Esse último achado é interessante. Por mais que os eleitores não identifiquem os anúncios ou acreditem que eles prejudicam a avaliação do candidato, preferem que exista o aviso e optam por soluções regulatórias que ampliem (ao invés de restringir) a sua inserção.

Tudo indica que, em um futuro bem próximo, usar IA para criar conteúdo de campanhas será a regra, e esses avisos não farão nem sentido.
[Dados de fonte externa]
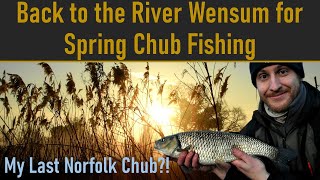 Back to the River Wensum for Spring Chub Fishing River Foss Fishing  Ep 39 [upl. by Alilak]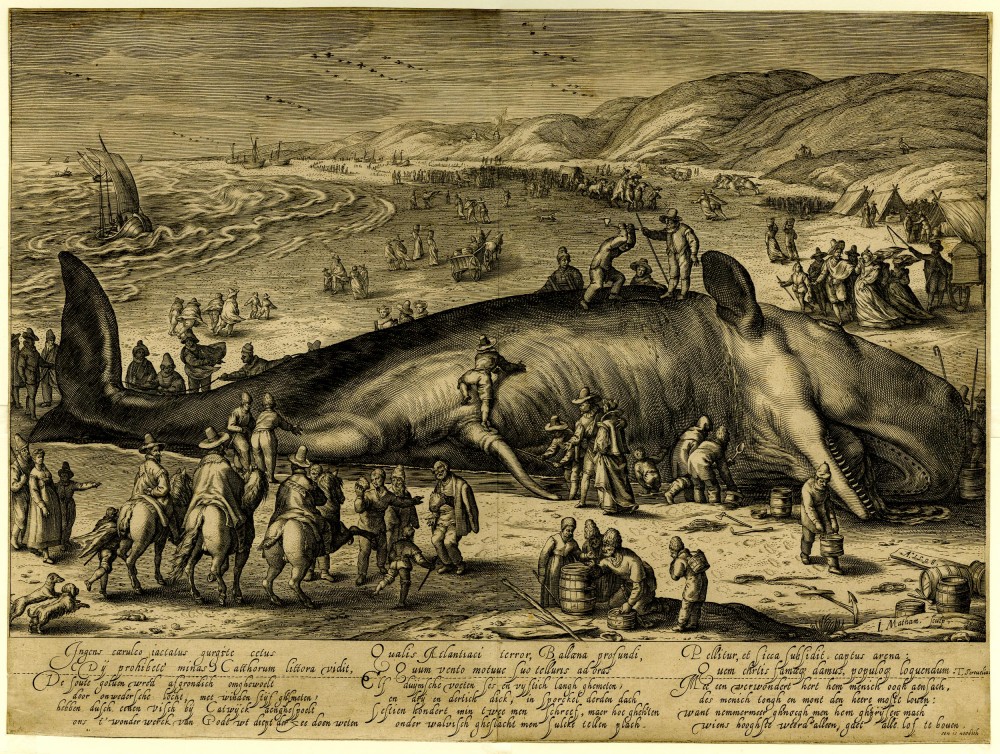 Beached Whale in the Vicinity of Katwijk | Jacob Matham
Beached Whale in the Vicinity of Katwijk
After a drawing of Hendrik Goltzius
Netherlandish
31,7 x 42,8 cm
Seria como eu avisar a você que essa coluna foi escrita com Microsoft Word.

Mas esse tempo ainda não chegou, e as diferentes visões que as pessoas têm sobre IA joga luz sobre a importância desses avisos.

Como funcionam os avisos de IA nas eleições brasileiras

No Brasil, a Resolução nº 23.732/2024, do Tribunal Superior Eleitoral (TSE), determina que o responsável pela propaganda eleitoral deve informar “de modo explícito, destacado e acessível que o conteúdo foi fabricado ou manipulado e a tecnologia utilizada” quando o uso de IA “criar, substituir, omitir, mesclar ou alterar a velocidade ou sobrepor imagens ou sons” (art. 9º-B).
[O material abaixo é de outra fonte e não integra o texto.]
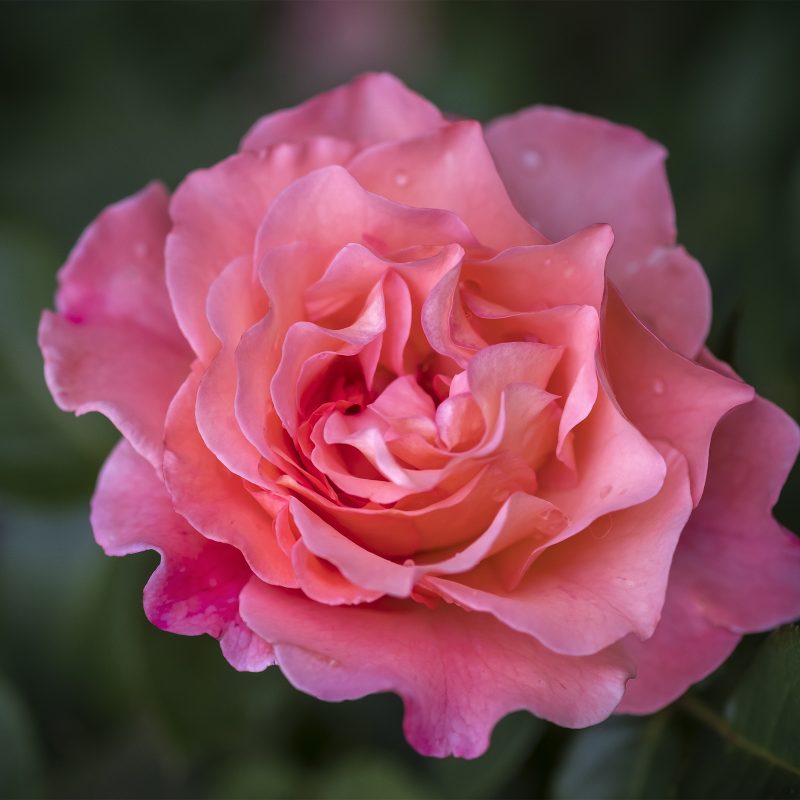 rosa Rose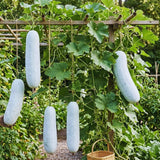 Long Wax Gourd Winter Melon Plant Live, Well-Rooted Vine Plant, 4 Inch Pot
Essa exigência não se aplica quando a IA for usada para ajustes na qualidade da imagem ou do som, na produção de elementos gráficos de identidade visual, vinhetas e logomarcas, além de “recursos de marketing de uso costumeiro em campanhas”.
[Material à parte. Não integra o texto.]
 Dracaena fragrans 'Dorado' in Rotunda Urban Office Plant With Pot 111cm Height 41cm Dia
Alguns casos chegaram na Justiça Eleitoral esse ano, mas, finalizado o primeiro turno das eleições municipais, não aconteceu o apocalipse do uso de IA para manipular conteúdos que alguns esperavam.

Essa é uma oportunidade para analisar a experiência e entender como as regras eleitorais podem ser ferramenta para avançar uma agenda sobre educação digital para todos.

Indicar que um conteúdo foi gerado por IA é um passo importante para aumentar a transparência e combater a desinformação, especialmente quando a educação midiática ainda precisa ser amplamente desenvolvida.

Mas, resta o questionamento: o que deve ser incluído nesses avisos de IA?

O Brasil, diferente dos estados norte-americanos, não traz uma redação expressa que deve ser usada nos anúncios eleitorais.

A pesquisa da NYU mostrou que a redação e o design desses avisos afetam significativamente como as pessoas os interpretam.

Além disso, como o público valoriza essas sinalizações? Será que, ao invés de aumentar a confiança, esses avisos podem acabar gerando mais ceticismo e desconfiança?

Esse dever de casa fica para o aprimoramento das regras de olho nas eleições de 2026.